|1||A Strong Will Gave Birth to Cleveland Orchestra|
|2||Adella Prentiss Hughes|
|3||George Szell Biography from Cleveland Arts Prize|
|4||History of the Cleveland Orchestra|
|5||The Cleveland Orchestra History (from Telarc)|
|6||Cleveland Orchestra History|
Category: The Cleveland Orchestra
A Strong Will Gave Birth to Cleveland Orchestra
Plain Dealer article written by Bob Rich and published on April 28, 1991
A STRONG WILL GAVE BIRTH TO CLEVELAND ORCHESTRA
Everything was up to date in Cleveland when the Cleveland Orchestra gave its first performance at Grays Armory on Dec. 11, 1918, under the baton of Nikolai Sokoloff – exactly one month after the armistice ending World War I.

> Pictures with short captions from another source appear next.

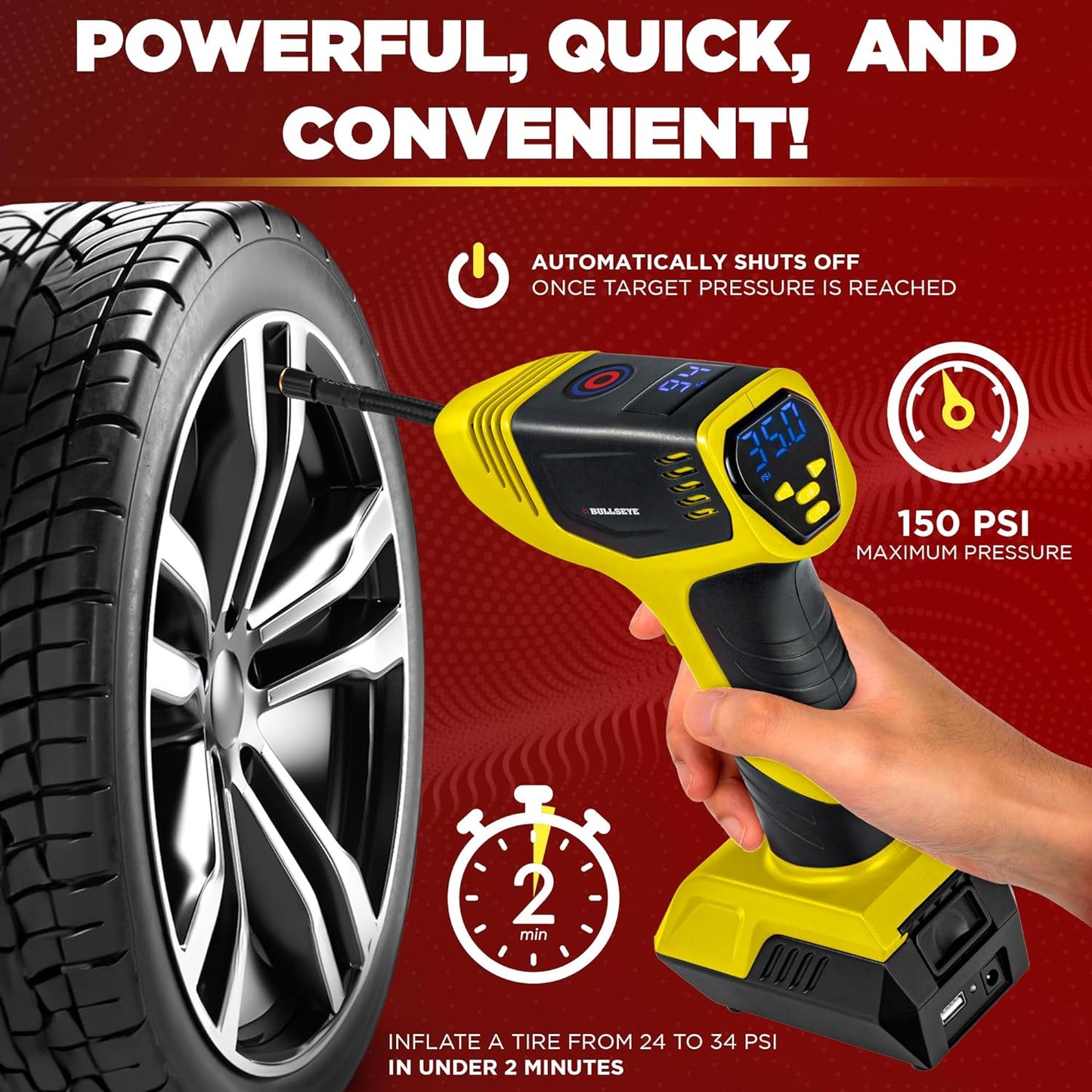 🚗 Digital Air Pump Bullseye Pro 🚗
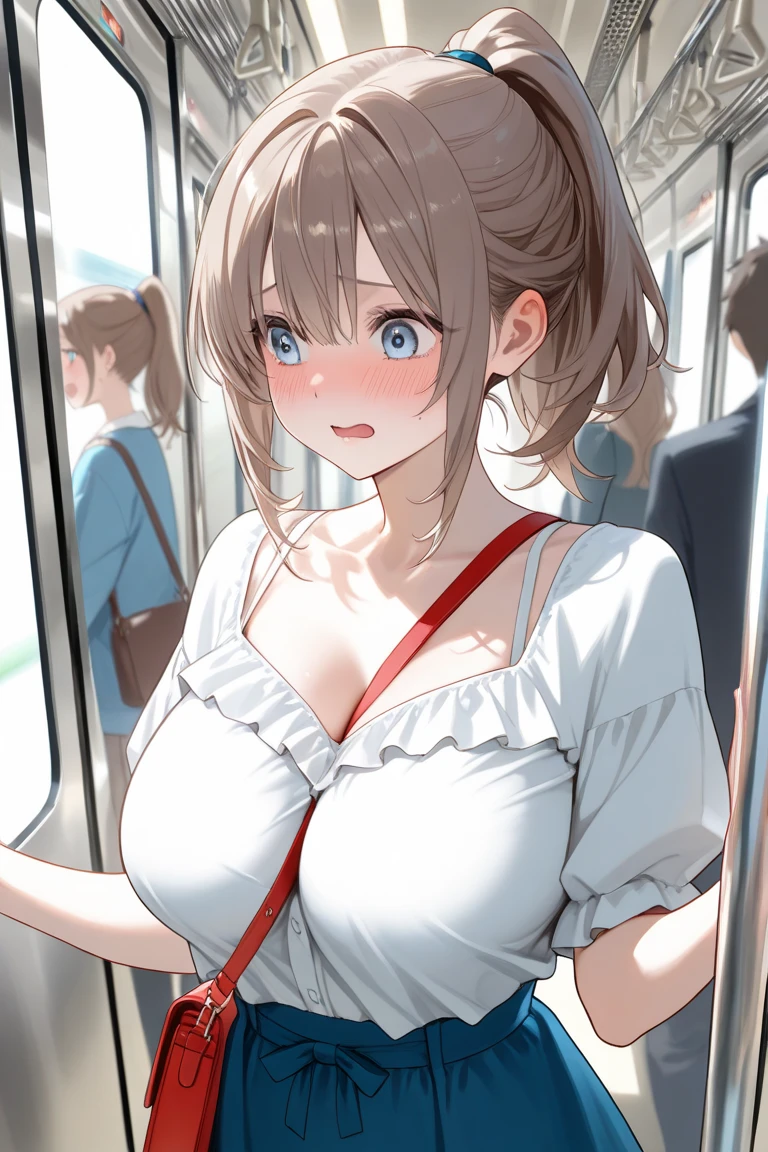 cute anime woman, solo, Mother, 40 years old, dark hair, brown eyes, tareme eyes, narrow eyes, moles around eyes, moles on chest, crossed bangs, medium hair, shaggy hair, hair between eyebrows, glamour, full body, detailed anime style, anime Painting, anime Face, high quality, high detail, super high resolution, sharpness, sharp contours, perfect anatomy, golden ratio, cowboy shot, denim pants, Smiling, Sweat, crowded train, Sweaty skin, sleeveless knit sweater, Open mouth, half-closed eye,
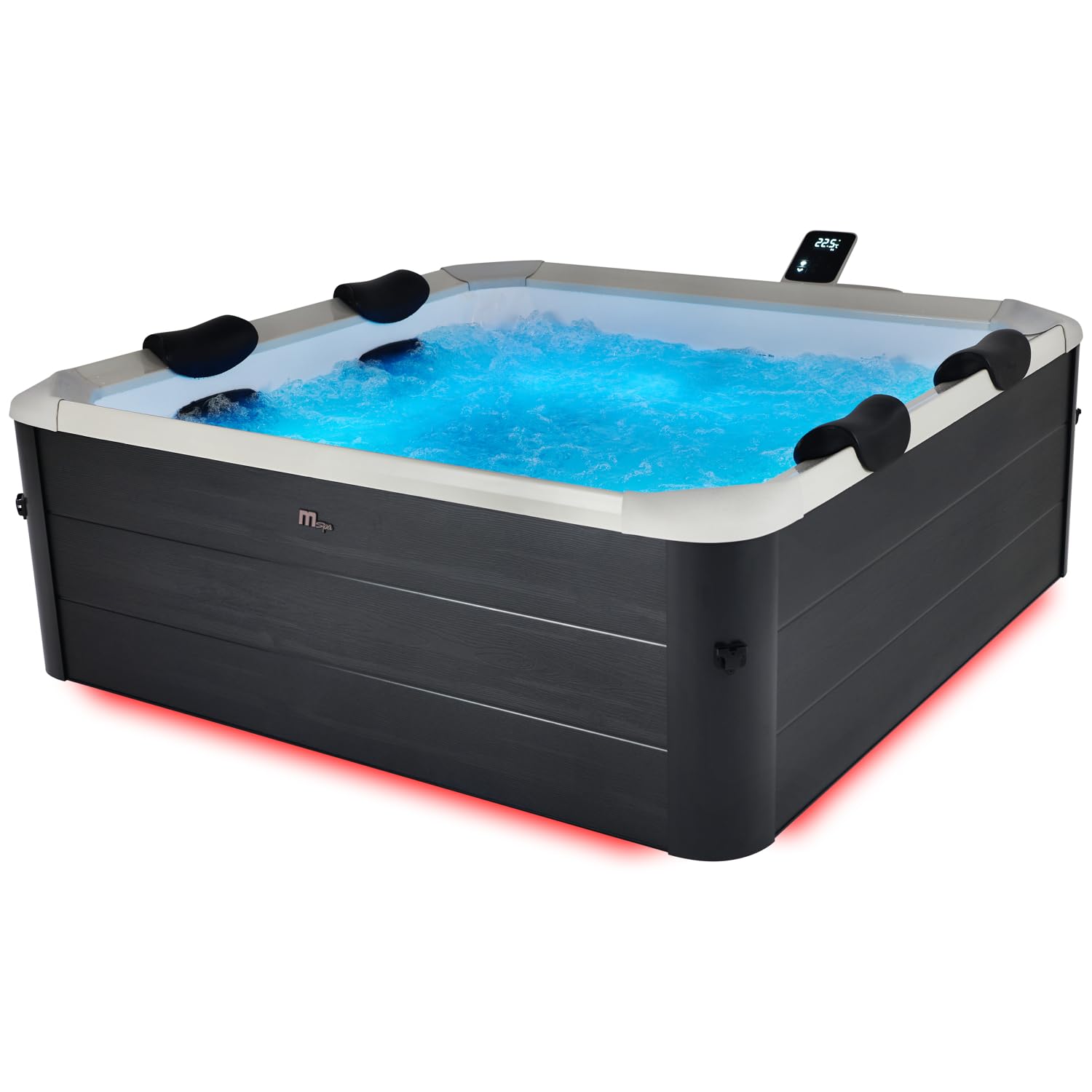 Spa Rigide connecté Oslo Aero Plus 6 Places 180x180 cm Gris Effet Bois – Hydromassages, 4 Coussins + bâche Inclus, pilotable par Application MSPA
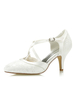 Chaussures De Mariage Ivoire Dentelle Bout Pointu Criss Cross Chaussures De Mariée Vintage Femmes Talons Hauts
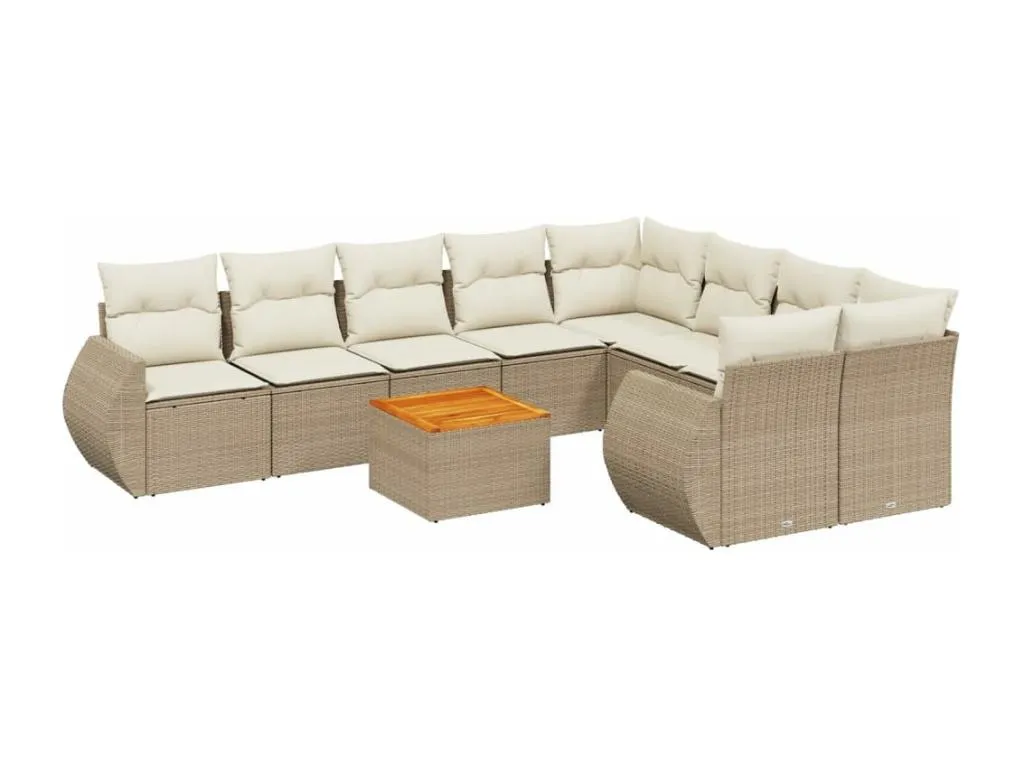 Homepleno Juego de sofás jardín con cojines beige 10 pzas ratán sintético 08875ppry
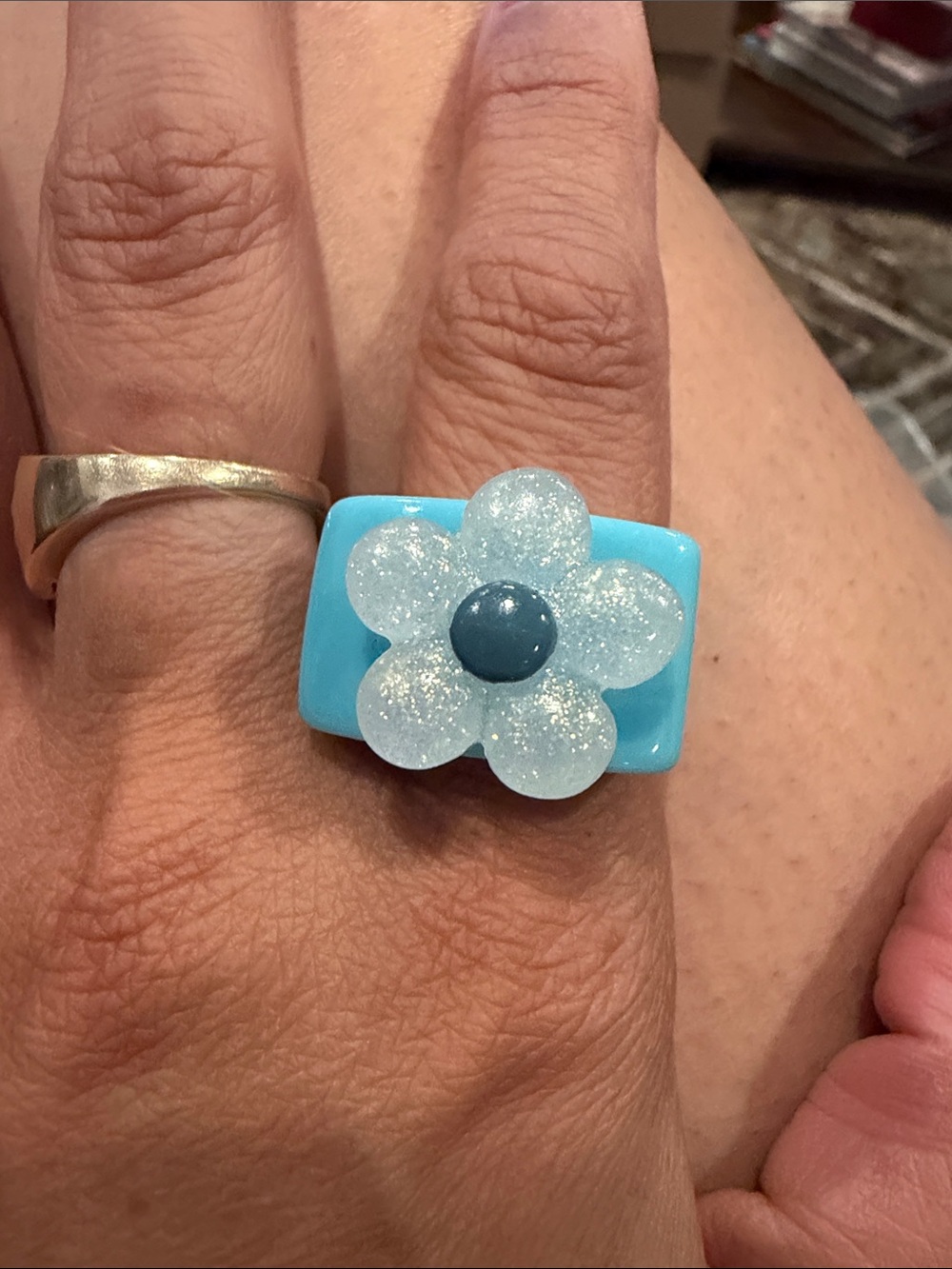 Sky Blue Floral Resin Statement Ring - Women's Jewelry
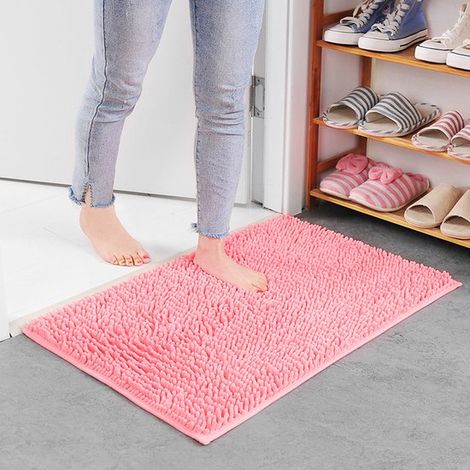 Tapis de bain pelucheux, 60 x 40 cm, ultra absorbant, antidérapant, décoratif, lavable en machine, convient pour la cuisine, la salle de bain et les toilettes, rose, 40 x 60 cm (1/5)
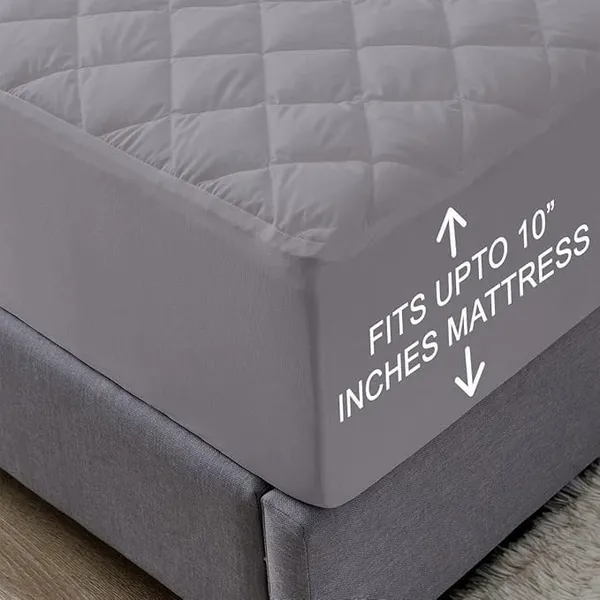 Grey_Cotton_Quilted_100%_Waterproof_Mattress_Protector_With_Waterproof_Backing_,Breathable_Hypoallergenic_Noiseless_Ultra_Soft_Fitted_Bed_Protector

According to the local papers, you could buy a Cadillac that could make it to the West Coast in 11 days. No price was mentioned – after all, Cadillac buyers shouldn’t ask. Men’s madras shirts at the May Co. were $1.85, flannel shirts $5. The Winton Hotel’s Rainbow Room and the Statler Hotel were advertising for New Year’s Eve parties. Shubert’s Colonial Theater was staging David Belasco’s “The Wanderer,” with a company of 125, a ballet of 50, and a flock of sheep!
But if you could afford the 25-cent admission price, the young, Russian-born conductor gave you a little shot of everything, opening with Victor Herbert, going on to Bizet, Tchaikovsky and Liadov, and closing with Liszt.
The gods and the critics were smiling on the orchestra that night. James Rogers, The Plain Dealer critic, found it “of excellent quality,” and Sokoloff “a leader of capacity and resources. He hitches his chariot to a star.” Wilson Smith of the Cleveland Press said delightedly, “Cleveland has at last a symphony orchestra.”
It hadn’t been an easy start-up. Only the determination of a very strong-willed lady, Adella Prentiss Hughes, would be able to take a grimy, brawling industrial town and turn it into a city that would someday be renowned as a music center.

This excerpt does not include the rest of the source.